Write out the lines below exactly, beginning at the one with "Photo 2 of Sale" and stopping after the one with "三郷市彦成１丁目の新築一戸建"; the pictures are not copied.

Source data
◇ ◇ ◇ ◇ ◇

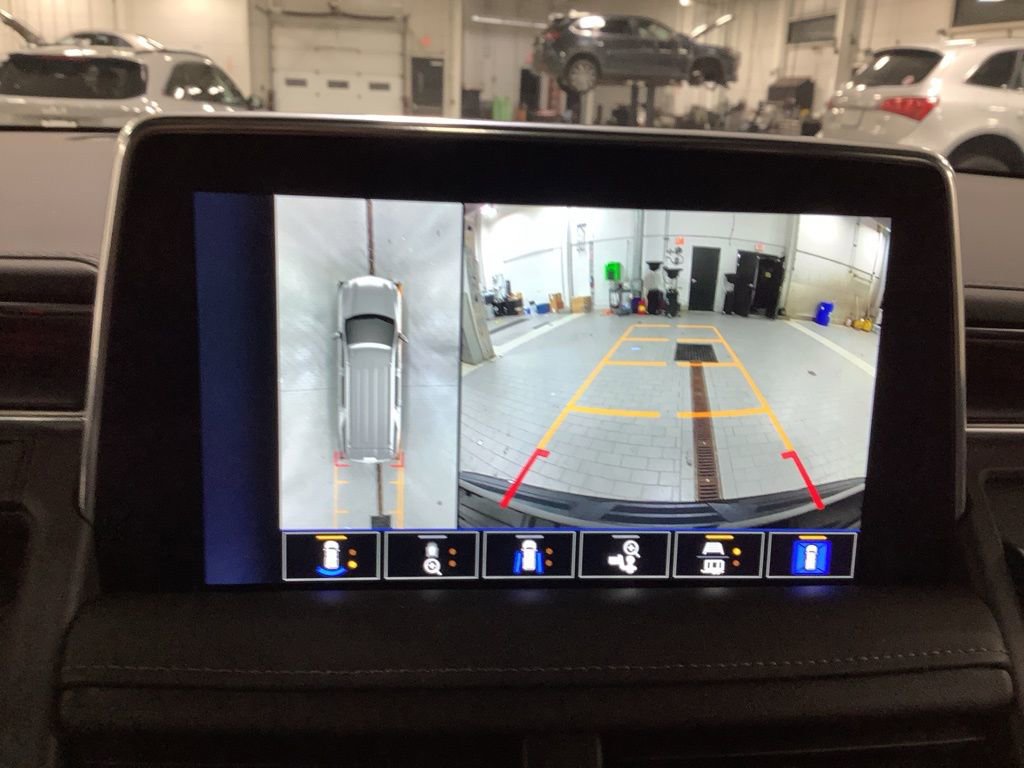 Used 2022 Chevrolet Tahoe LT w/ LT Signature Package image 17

◇ ◇ ◇ ◇ ◇

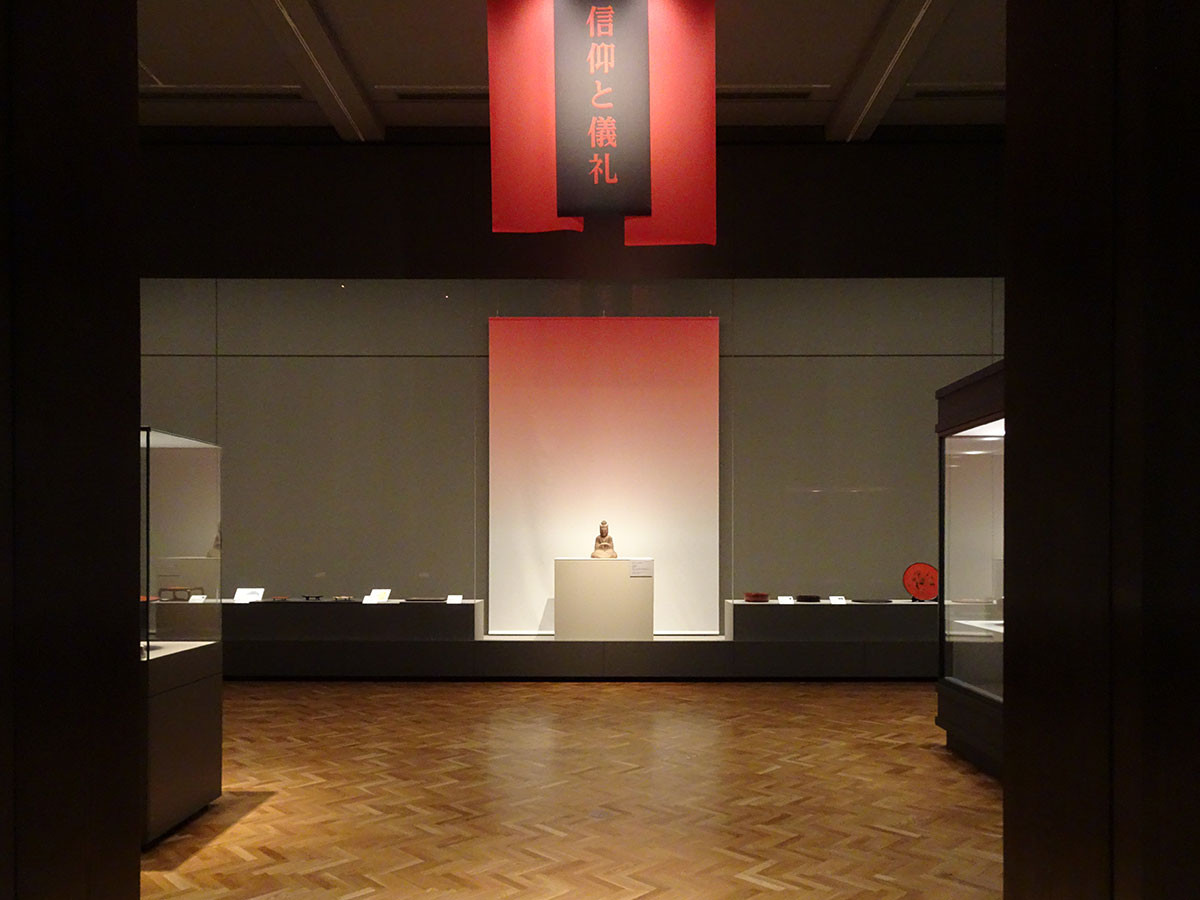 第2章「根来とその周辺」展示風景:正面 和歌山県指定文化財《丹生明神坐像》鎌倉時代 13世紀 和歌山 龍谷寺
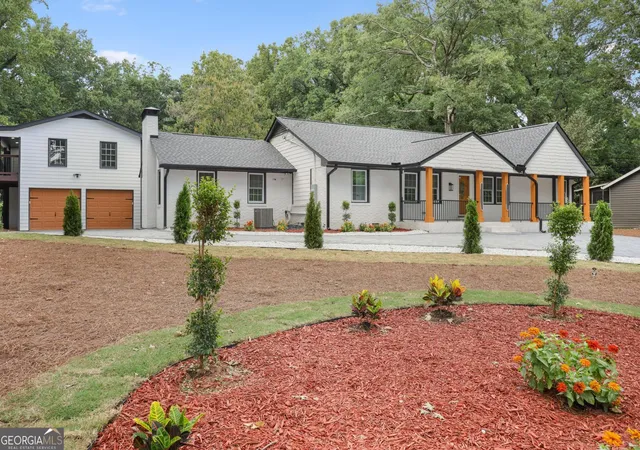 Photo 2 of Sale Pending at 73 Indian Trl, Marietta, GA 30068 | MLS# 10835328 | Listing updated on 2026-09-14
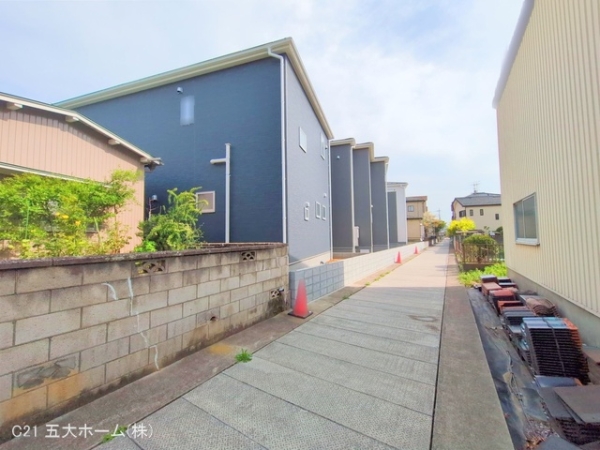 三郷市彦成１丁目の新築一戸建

◇ ◇ ◇ ◇ ◇

Answer to the problem
 Photo 2 of Sale Pending at 73 Indian Trl, Marietta, GA 30068 | MLS# 10835328 | Listing updated on 2026-09-14
 三郷市彦成１丁目の新築一戸建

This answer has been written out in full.